You may have been struck by the difficulty of finding Icarus in the scene – even if we could stand in front of this large canvas, the white legs disappearing into the water are hardly central. This is a busy but not a bustling landscape and there is a distinct sense of measured movement in the human activities Brueghel portrays. The influence of the bright Mediterranean dawn is very much in evidence in the scene but possibly the ploughman sports the richer hues of the Northern school of painting. You may agree that the viewer is drawn into the picture and invited not only to examine the world beyond this figure in the foreground but also to wonder how each of its parts or vignettes relate to each other. The drowning boy is the only disturbance, a sudden and uncalculated event occurring in an otherwise (at first glance) tranquil setting.

Icarus is so close to the ship (this delicate craft is like almost everything in the picture, animate and inanimate alike, uncaring of the tragic death of the boy in the water) that if the viewer of the painting did not know the myth it would be reasonable to assume that Icarus was a man or sailor overboard. In that case the wonder of a boy falling from the sky has been transformed into a blip or a blot on the landscape.

In Peter Wagner’s Icons, Texts, Iconotexts there is yet another interpretation of Brueghel’s almost mischievous depiction of Icarus. The somersaulting boy could be a swimmer happily disporting himself in contrast to the ploughman who is toiling away – the sort of sardonic comment Brueghel was fully capable of making about contrasts between the labouring peasantry and their wealthy ‘betters’ (Wagner, 1996, p. 276).

If you look Icarus up online, or in a mythological dictionary, you may find another version of the story, one in which Icarus followed his father from Athens by boat and was shipwrecked off Samos. There was also a tradition that Daedalus and Icarus sailed from Crete. So Brueghel may be following Ovid for the scene but suggesting a less miraculous method of escape for the exiles.

Ovid’s tragic tale is very much marginalised (after all, the painting is called Landscape with the Fall of Icarus). Nor is there any sign of Daedalus. It was long thought that Daedalus had originally been included on the canvas, as it looked as if a high aerial figure had been subsequently painted over or painted out. The amazed spectators of the poem mind their own business in Brueghel.

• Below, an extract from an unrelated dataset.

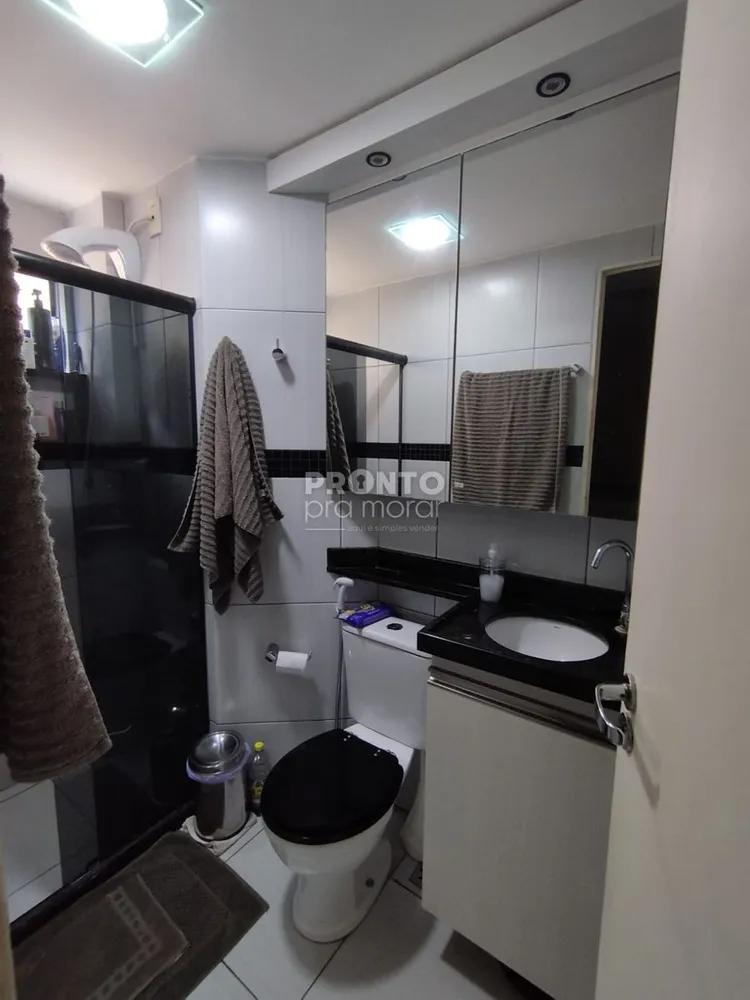 Apartamento, 2 quartos, 41 m² - Foto 2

We might wonder what the point was of including Icarus at all. A simple answer would be that biblical and classical scenes were regarded as worthier subject matter for high art than a mere landscape. In theory the presence of Icarus elevates the genre Brueghel has chosen. In other paintings Brueghel marginalises momentous religious events in a similar way, focusing on environment and setting rather than the alleged subjects, such as the martyrdom of Christ or the journey of the Magi.

However, there is clearly a more complex agenda at work in all Brueghel’s paintings and his relationship to Ovid’s text is a subtle and subversive one. On closer inspection the partridge (Perdix) is in the picture (bottom right and on the branch above the angler preoccupied with his fishing) which demonstrates that Brueghel is consciously engaging with Ovid’s narrative. The presence of the partridge reminds a viewer familiar with Ovid that Perdix was enjoying his moment of revenge. To complicate matters there is a counter-view that the partridge is not in fact looking towards Icarus but is as detached or unobservant as the other spectators.

In that case you may feel that the painting is pure parody and very far from the poignancy of Ovid’s narrative. No one in it is noticeably concerned at the tragedy and the legs are positively comical. Brueghel certainly seems to be altering Ovid in his portrayal of the ‘witnesses’ to this incredible sight, men flying like gods. Only the shepherd is looking upwards and this is, in any case, a conventional way of portraying shepherds in art. As for the ploughman who clearly supplants Icarus as the painting’s protagonist (and it is characteristic of Brueghel to promote everyday rural activities in this way), he bears out the German proverb that ‘a farmer does not leave his plough for the sake of a dying man’. And if you look carefully, there is a skull halfway up the trunk of the fruit tree towards which the plough furrows run.